Au demeurant, j’ai rencontré des femmes qui essayaient ouvertement et injustement de me discréditer. Grâce à elles, j’ai appris à mieux lire mon environnement. Cela aurait très bien pu être des hommes, d’ailleurs, et croyez bien que je ne suis pas en train de céder au fameux cliché qui veut que les femmes soient toutes des rivales, car je suis convaincue que les femmes sont autant, sinon plus, enclines que les hommes à s’entraider. Mais ces expériences m’ont aussi montré quels types de comportements je ne souhaite pas adopter face aux autres et je m'y efforce à ce jour.
Avez- vous été confrontée à des propos ou agissements sexistes ? A des stéréotypes de genre ?
Oui, absolument. Je pense aux plus simples agissements qui sont de couper la parole lorsqu’une femme parle ou de croire qu’elle est là pour servir le café. Ce n’est pas un mythe, malheureusement, cela arrive beaucoup plus souvent qu’on ne le croit.
Sur la question des stéréotypes, en pleine réunion, alors que nous étions une dizaine de personnes autour de la table, un homme a tenu des propos désobligeants sur une femme, absente de la réunion. Après un silence de quelques secondes, la réunion a repris comme si de rien n’était. Je n’avais alors pas encore assez d'expérience, mais avec le recul, j’estime que ce n’était pas un comportement acceptable et si cela se reproduisait, je réagirais.
Savez-vous comment se situe votre univers professionnel en termes d’égalité des rémunérations entre les femmes et les hommes ?
Je suis très loin de maitriser la question, mais le Québec a mis en place des outils qui vont plus loin que l’égalité des rémunérations, afin, notamment, de reconnaître à sa juste valeur le travail féminin. En 1996, le Québec a adopté la Loi sur l’équité salariale qui vise à corriger les écarts salariaux causés par la discrimination fondée sur le sexe. Cette loi oblige les employeurs de 10 employés ou plus à assurer l’équité salariale entre les emplois à prédominance féminine et les emplois à prédominance masculine équivalents. Cela veut dire concrètement que l’équité salariale permet d’accorder à des emplois dits féminins un salaire égal à celui des emplois dits masculins de valeur équivalente dans une même organisation, même si ces emplois sont différents. Même si ce n’est pas encore parfait, le Québec va plus loin que la simple égalité théorique.
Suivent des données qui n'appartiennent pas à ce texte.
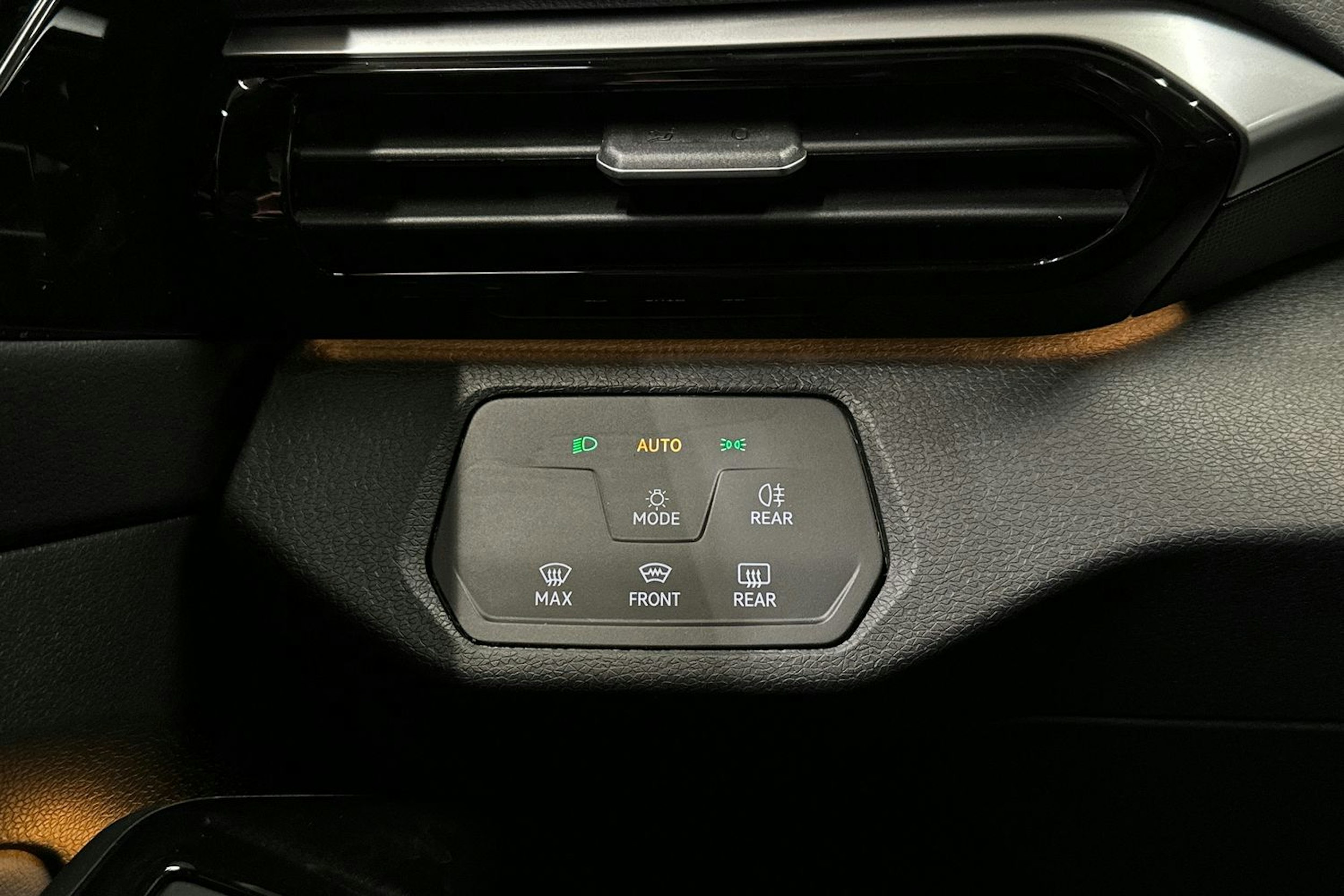 harmaa Volkswagen ID.4 2022 kuva 25.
Quelles mesures pour l’égalité entre les femmes et les hommes avez-vous personnellement mises en œuvre, soit dans votre management quotidien, soit dans la conception d’une politique publique ?
Cela fait un peu plus d’un an que j’occupe officiellement un poste de gestion et j’ai eu l’occasion de conduire différents processus de sélection visant à pourvoir des postes dans mon équipe. À chaque fois, dans le but notamment d'éviter toute discrimination de genre, cela a été fait en prenant appui sur des processus de recrutement et de promotion transparents et équitables qui sont basés sur les compétences. De plus, dans la gestion quotidienne, je fais preuve de flexibilité, en accord avec les politiques et pratiques en cours, au sein du gouvernement du Québec, ce qui bénéficie à toute l’équipe. Il faut être en mesure de favoriser l'équilibre entre la vie professionnelle et la vie personnelle,
J’espère que dans les prochaines années je serai en mesure de mettre l’accent sur la sensibilisation et la diversité, afin de prévenir les biais inconscients et favoriser l'égalité des genres, par-delà les stéréotypes. Beaucoup de choses ont été faites, mais il reste encore beaucoup à faire pour garantir effectivement un environnement de travail équitable, l'égalité des opportunités, et participer ainsi à la construction d'une société plus inclusive et égalitaire.
Croyez-vous qu’il existe un « leadership féminin » ou des pratiques managériales propres aux femmes ?
Je crois qu’il existe des caractéristiques souvent associées au leadership féminin. Cependant, cela ne veut pas dire que celles-ci sont exclusivement féminines. Selon moi, les pratiques managériales s’acquièrent et les leaders de tous genres peuvent les développer. Il est toutefois vrai que le travail d’équipe et la collaboration, l’empathie, l’écoute, l’intelligence émotionnelle ou encore la prudence dans la prise de risques sont souvent associés aux femmes. Peu importe notre genre, il est à mon avis plus que fondamental de reconnaitre la diversité des styles de leadership, car elle est enrichissante tant pour les équipes que les organisations, en ce qu’elle apporte des perspectives variées, mais aussi complémentaires.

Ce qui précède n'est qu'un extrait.